I really like a lot of the changes I see in 0.46, like dialogs opening to the right instead of floating. And is the layers dialog new? If not I must have over looked it. I definitely like the new tweak brush.
But here is something that is really bugging me. In part I just made a stupid mistake, but also this is a really stupid behavior in inkscape.
I spent the last hour working on a drawing (and here is the really stupid part for me) without saving.
Then I turned up the blur a little. Well, I meant to turn it up a little. But I twitched, and apparently turned it up a lot. And now I see three things I would really like.
First, inkscape is pegging one of my CPUs (core 2 duo, 2 gigs of ram). And it has been pegging this CPU for more then 10 minutes now.
Meanwhile, the display isn't updating at all. Not just the canvas, but the dialogs, the drawing tools, the menus, none of them are redrawing.
Third, there doesn't seem to be anyway to cancel the operation without quitting (which I obviously don't want to do because I stupidly didn't save).
Actually, in another instance of inkscape, I see that the blur slider only goes to a hundred, and at 100 it is perfectly snappy with two strokes.

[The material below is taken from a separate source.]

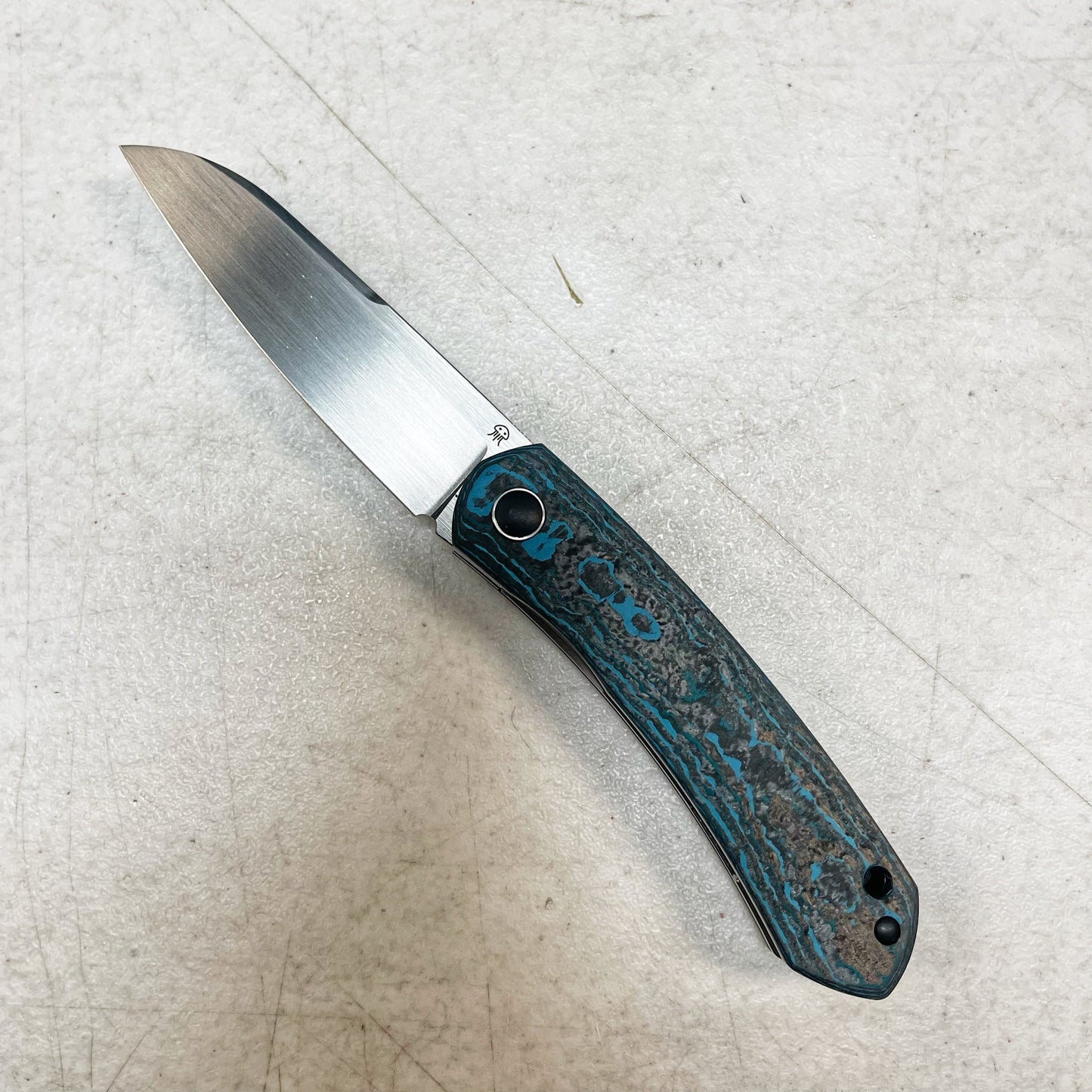 North Mountain Blade Jellyfish-BlueCF front view folding knife
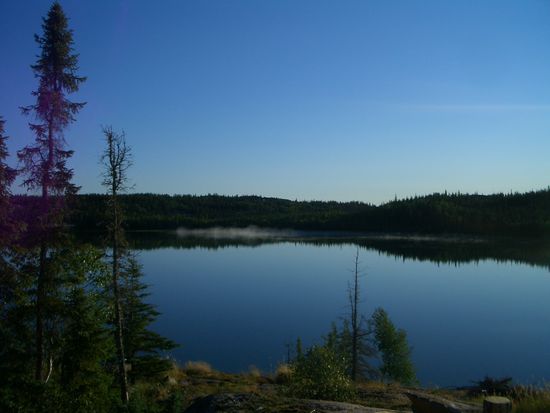 Letzte Morgenschwaden wabern ueber den See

The drawing that is pegging the machine only has a few dozen strokes, so it seems that complexity here is rather non-linear.
So, here are somethings I think should be added:
First, perhaps it would be possible for Inkscape to auto-save to /tmp or someplace when the user hasn't explicitely saved anywhere yet.
Second, perhaps there should be some bound for render time.
Third, the rest of the GUI should at least redraw, even if the canvas doesn't, and it should at least respond to some commands. Undo or save would be commands I might consider trying to execute during a long render.
Fourth, would it be possible to thread this? Perhaps one thread for the GUI and one for rendering as a starting point? It would be great to thread rendering, but I can see how that wouldn't be so straight forward.
Fifth, is there any chance of using something to accelerate certain drawing operations, like blurs? Possibly with C code (which could then have a generic version and compile time select between that or a SSE version or an Altivec version)? Or something like Pyscho, pyrex, or pypy?
Sixth, this is probably more of a personal taste request, but perhaps the blur slider could be logarithmic? Creatively, the difference between 60 and 62 is pretty small, but the differences at the low end are big.